Поэтому вся острота ситуации связана с решающим, все более настоятельным, но уже давно зависшем в воздухе вопросе о том, как обстоит дело с обоснованием мифа, с доказательством его истинности. Здесь речь идет о том, что Кант в другой связи называл quaestio juris. Пока этот вопрос остается без ответа, мы судим "за" и "против" применительно к мифу на основе большей или меньшей уверенности и интуитивных догадок. Это становится тем более опасным, что здесь, как уже упоминалось, образовалось известное поле напряжения, задевающее самые глубины нашей культуры. Вопрос, о котором идет здесь речь, является в конечном счете философским вопросом, и ответ на него может быть найден лишь в сфере философии. Если мы хотим знать, какое отношение имеет миф к реальности, то мы должны подвергнуть проверке несущую силу лежащих в его основе представлений, категорий и понятий опыта, короче, его онтологию. То, что онтология науки не является столь само собой разумеющейся, как часто считают, уже было показано в главе II. С другой стороны, научная онтология ведет к столь потрясающим эмпирическим последствиям, что многим людям сомнения в ней кажутся излишними.
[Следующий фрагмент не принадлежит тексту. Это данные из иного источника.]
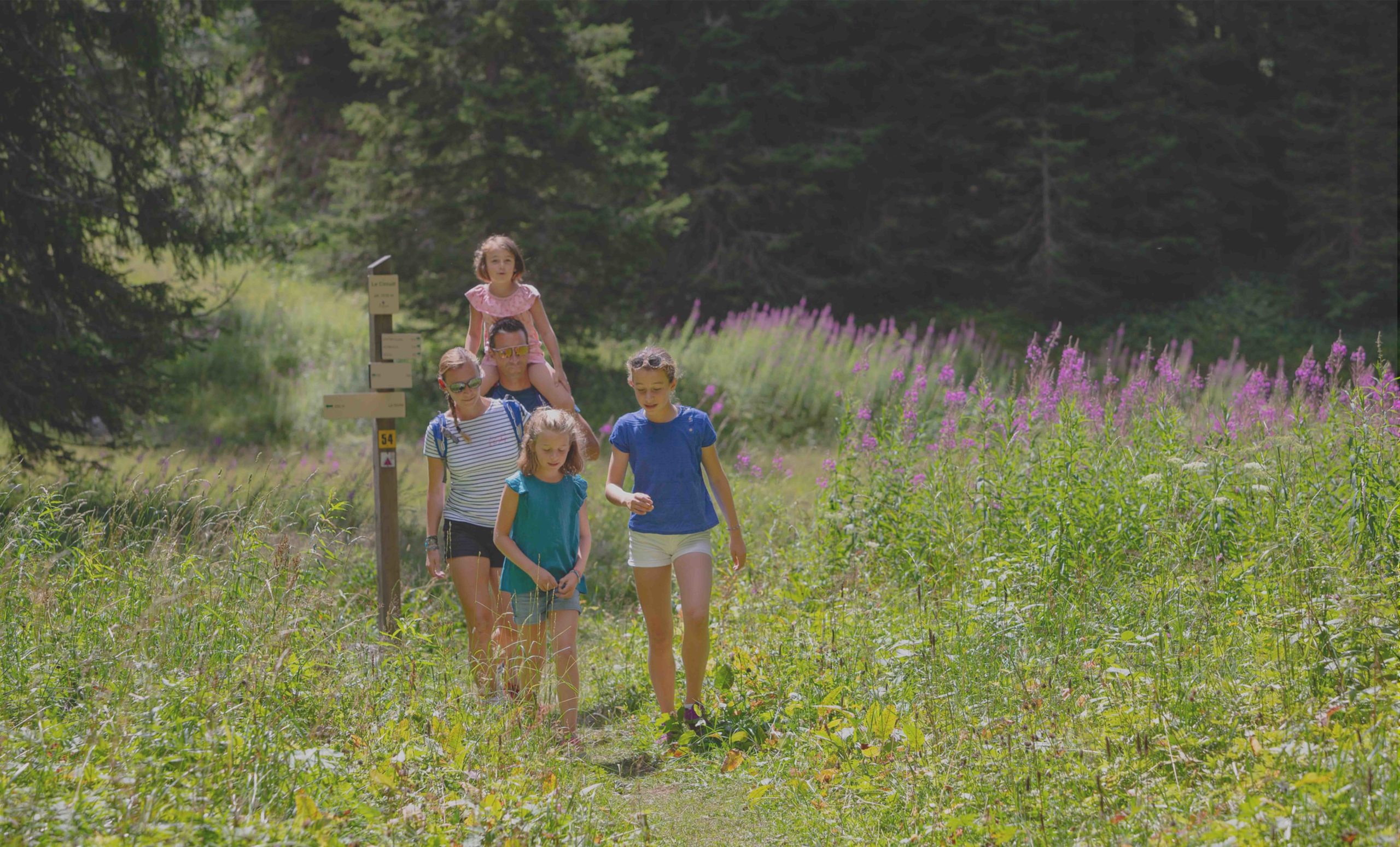 Une famille en randonnée sur un sentier fleuri à Flaine, entourée de nature et de forêts alpines.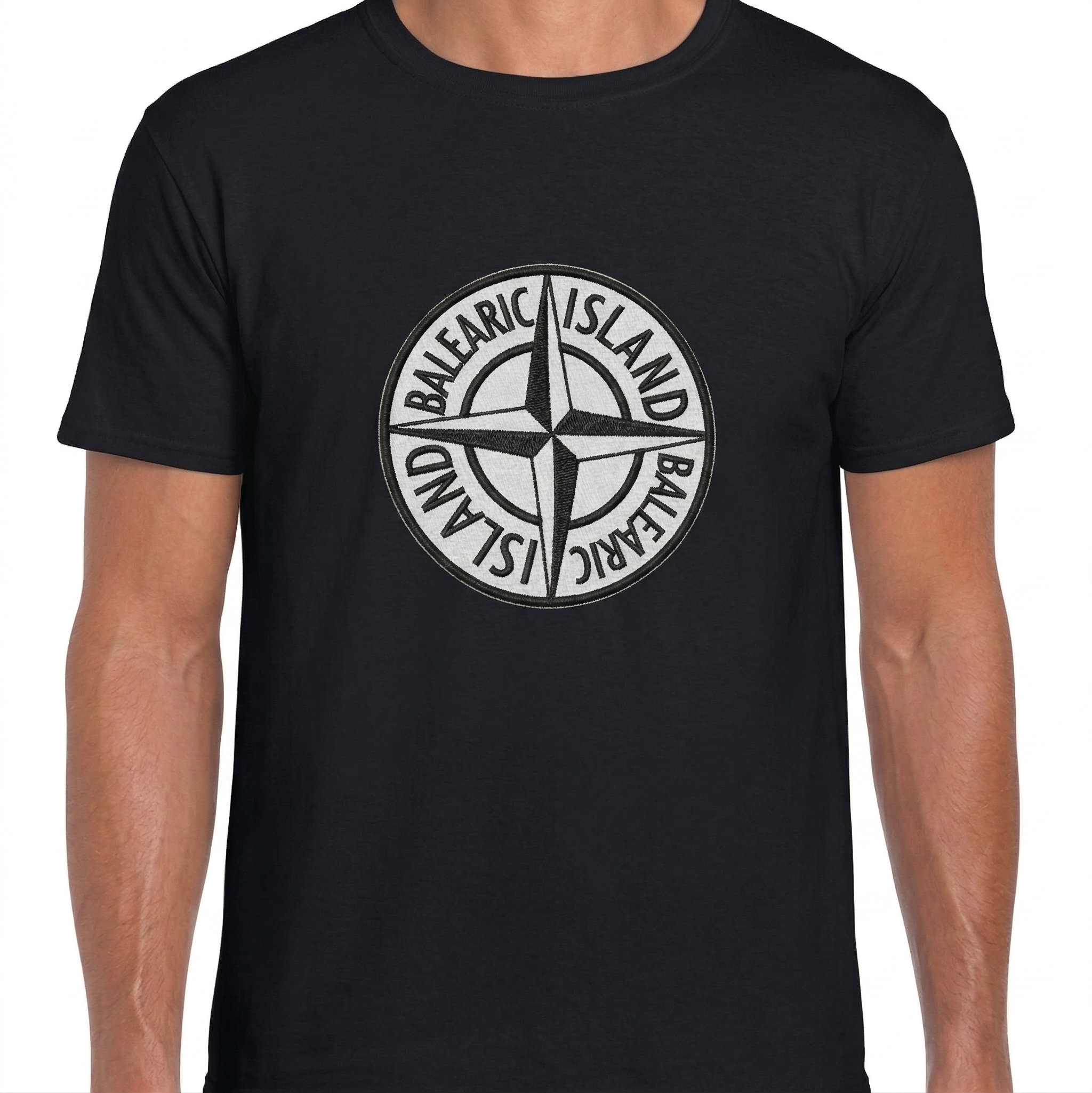 Balearic Blend T-shirt: Model wearing a black tee with a white and black Balearic Island compass badge graphic.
Анализ онтологии мифа включает поэтому сравнение с научной онтологией и имеет в силу этого не только гносеологический и онтологический, но и научно-теоретический характер. Проведение такого анализа предполагает, однако, эксплицитную картину системы мифического мышления и опыта. Следующая, вторая часть нашей книги посвящена именно этому.

При этом придется собрать воедино и так упорядочить и обработать многообразный историко-фактический материал, который был введен в оборот исследователями мифа, чтобы, не насилуя его, сделать его доступным позитивному философскому рассмотрению.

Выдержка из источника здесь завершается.